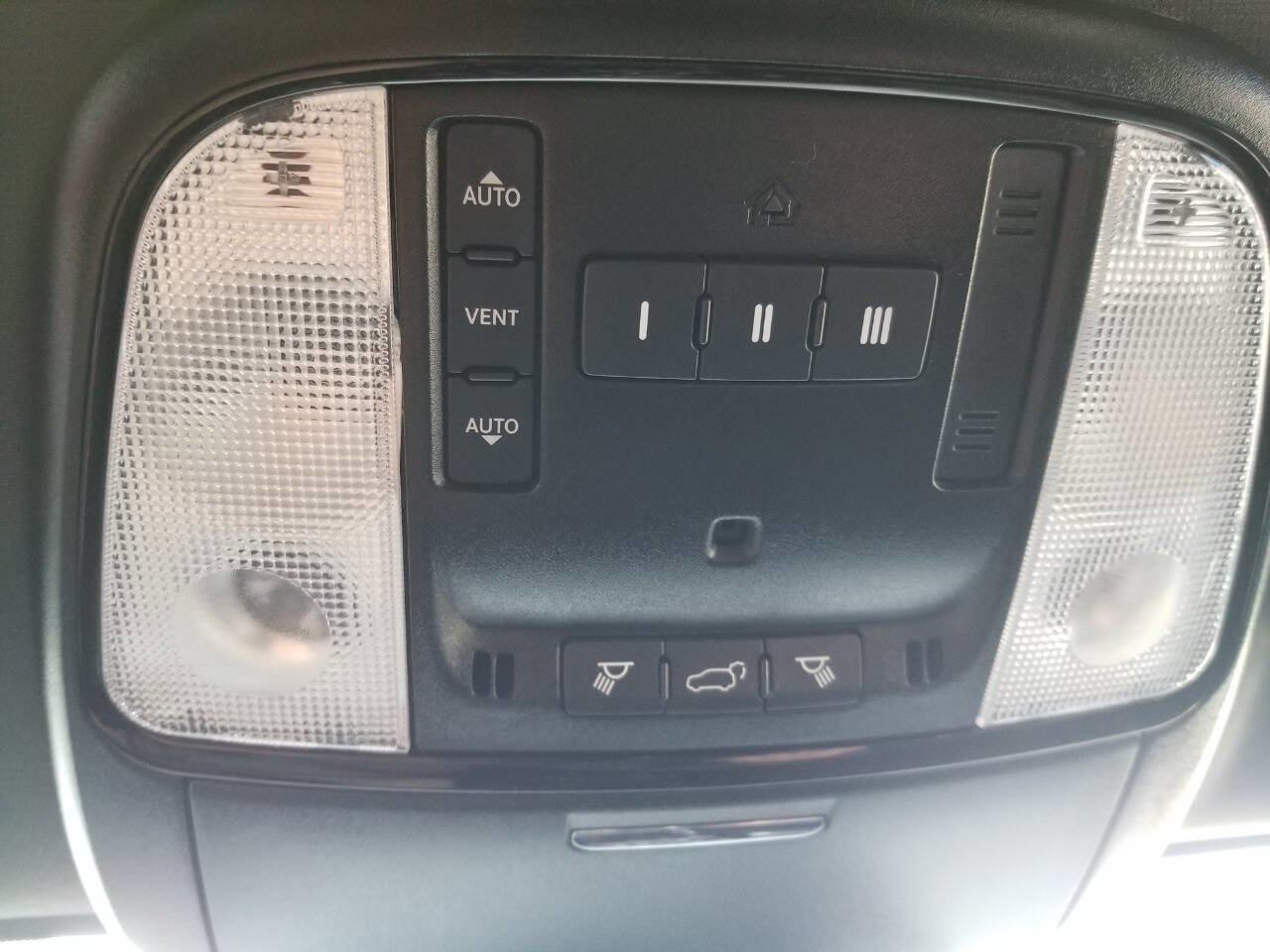 Certified 2024 Dodge Durango R/T image 34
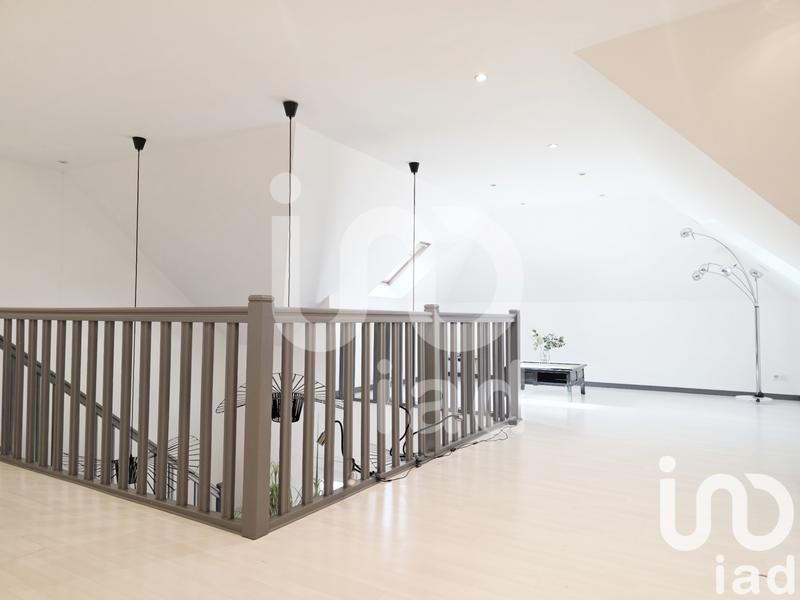 Maison - 360 m² - 9 pièces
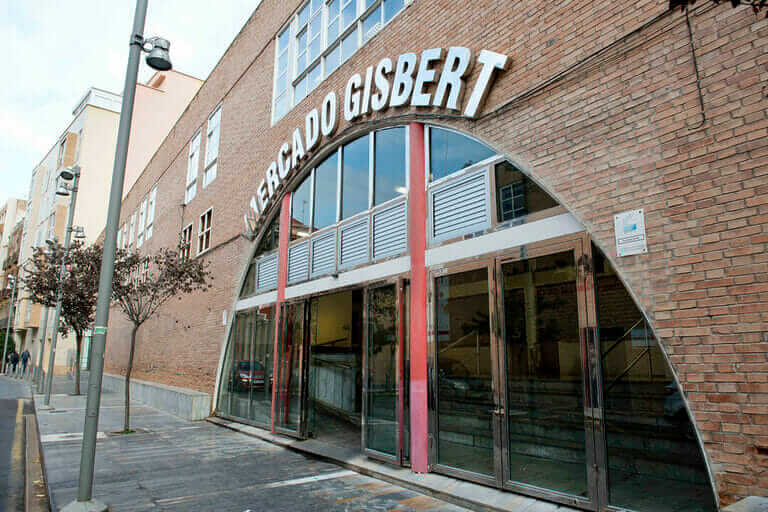 Manuel Torres: “Arroyo está construyendo una ciudad de fachada y cartón piedra”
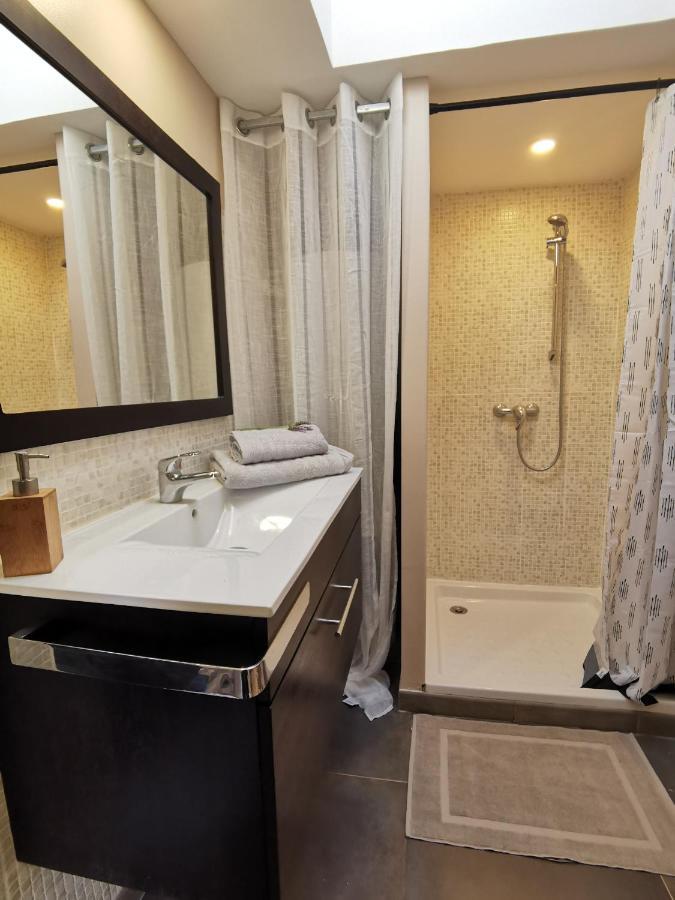 Maison De Vacances L'Hote Champetre Campagne Arlesienne Екстериор снимка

===

▶ [WORK INSTRUCTIONS]:
Each line from the one holding "está construyendo una" through the final line of the data needs to be transcribed exactly. Include both ends, skip the pictures, and add nothing.

▶ [EXERCISE SOLUTION]:
 Manuel Torres: “Arroyo está construyendo una ciudad de fachada y cartón piedra”
 Maison De Vacances L'Hote Champetre Campagne Arlesienne Екстериор снимка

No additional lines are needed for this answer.